37. DU MÊME.
Berlin, 21 février 1741.
Sire,
L'on assure que Votre Majesté a donné un texte aux prédicateurs de Silésie, sur lequel ils doivent prêcher. Ces paroles sont si bien choisies, qu'elles méritent d'être rapportées. On les trouve dans le premier livre des Machabées, chap. XV, v. 33, 34 : « Mais Simon lui <88>répondit et dit : Nous n'avons point pris le pays d'autrui, et nous n'en tenons point d'autre; mais c'est l'héritage de nos pères qui a été pendant quelque temps injustement possédé par nos ennemis. Mais lorsque le temps nous a été favorable, nous avons repris l'héritage de nos pères » Ce qu'il y a de fâcheux dans tout cela pour nos protestants zélés, c'est que ce livre, comme V. M. le sait parfaitement, n'est point reçu parmi nous; il ne l'est que par les catholiques.

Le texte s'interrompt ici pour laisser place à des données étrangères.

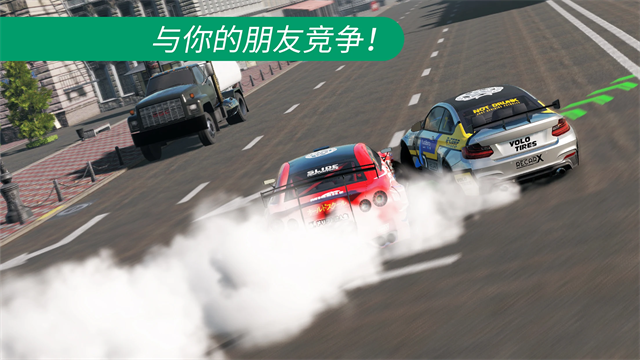 carx漂移赛车2官方版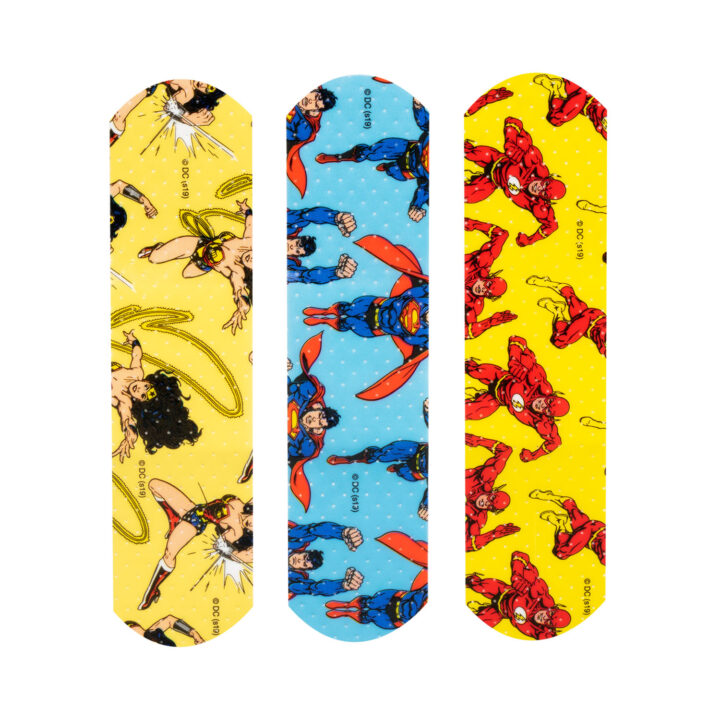 Bandaid Superwoman Wonderwoman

La Nouvelle Bibliothèque de novembre 1740 fait un extrait de l'Antimachiavel, dont il paraît des traductions en allemand, en italien et en anglais. « Nous ne connaissons, dit le journaliste, aucun auteur ou plutôt aucun livre de morale comparable à celui-ci..... Ce qui nous étonne, c'est ce langage si pur, cet usage si singulier d'une langue qui n'est pas, dit-on, celle de l'auteur. Plusieurs morceaux nous ont semblé écrits dans des termes si énergiques, le mot propre nous a paru si souvent employé et si souvent mis à sa place, que nous avons douté quelque temps que l'ouvrage soit d'un étranger. » L'auteur fait un parallèle de Télémaque et du Machiavel; il donne toute la préférence au dernier, soit par rapport au style, soit par rapport aux choses. « Ici, dit-il, on voit un style uni, mais vigoureux et plein, un langage mâle, fait pour les choses sérieuses que l'on traite. » Enfin, il remarque qu'il y a des endroits, dans ce livre, qui supposent une connaissance profonde de la métaphysique.
Je ne pense, ma foi, plus depuis le départ de V. M. Il y a des ténèbres et des ombres fortes dans mon esprit.
J'ai l'honneur et le bonheur d'être avec reconnaissance et un respect profond, etc.